While the aim is for Pope Francis to get advice, the Argentine Jesuit has already started making a mark on his own, with important Vatican appointments already made and clear-cut indications of the direction he wants to take the church that have elated liberals and alarmed many conservatives.
Pope Francis' recent interview with a Jesuit journal, in which he called for more balance between the church's rules on issues like abortion, homosexuality and contraception and the need for it to be a more welcoming, merciful place for all, has become the must-read mission statement of his papacy.
It's unclear which of those issues feature in the 80-odd documents that will be considered by the pope and his so-called “Group of Eight” cardinals meeting behind closed doors this week. One core agenda item is certain: overhauling the Vatican bureaucracy, an antiquated administration that is universally disparaged as unhelpful to both the pope and the bishops it's designed to serve.

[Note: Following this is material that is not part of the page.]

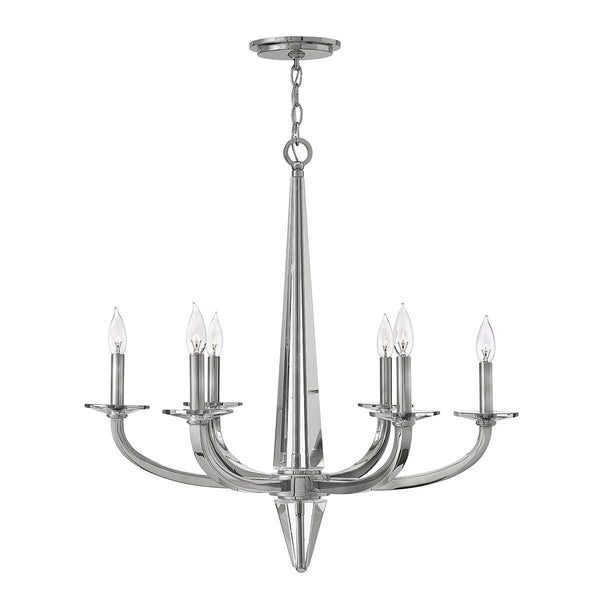 Lustre Ascher 6 lumières nickel poli, cristal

The scandal over leaked documents last year showed the Vatican bureaucracy to be a dysfunctional warren of political infighting and turf battles, fuelling calls for reform from the cardinals who elected Francis pope.
Beyond the scandal, local church leaders have long bemoaned that Vatican courts take years to process requests for annulments and that Vatican offices are simply unresponsive to requests from them and lay faithful. Pope Francis himself is a critic, frequently telling Vatican officials to be more pastors than bureaucrats. Just this weekend, he told the Vatican police force that it was their job to stop the “devil” from creating internal wars through Vatican employees spreading gossip.
“It's a war that you don't fight with weapons, but with your tongue,” he said.
The Curia is organized according to a 1988 document “Pastor Bonus,” which metes out the work and jurisdictions of the congregations, councils, courts and other offices that make up the governance of the church.
“No, that constitution is over,” he told the Catholic channel Salt and Light Television. “Now it's something different. We need to write something different. But it's not going to take one month or two months.”
Indeed, no decisions are expected this week from the talks, and the pope has said reform takes time.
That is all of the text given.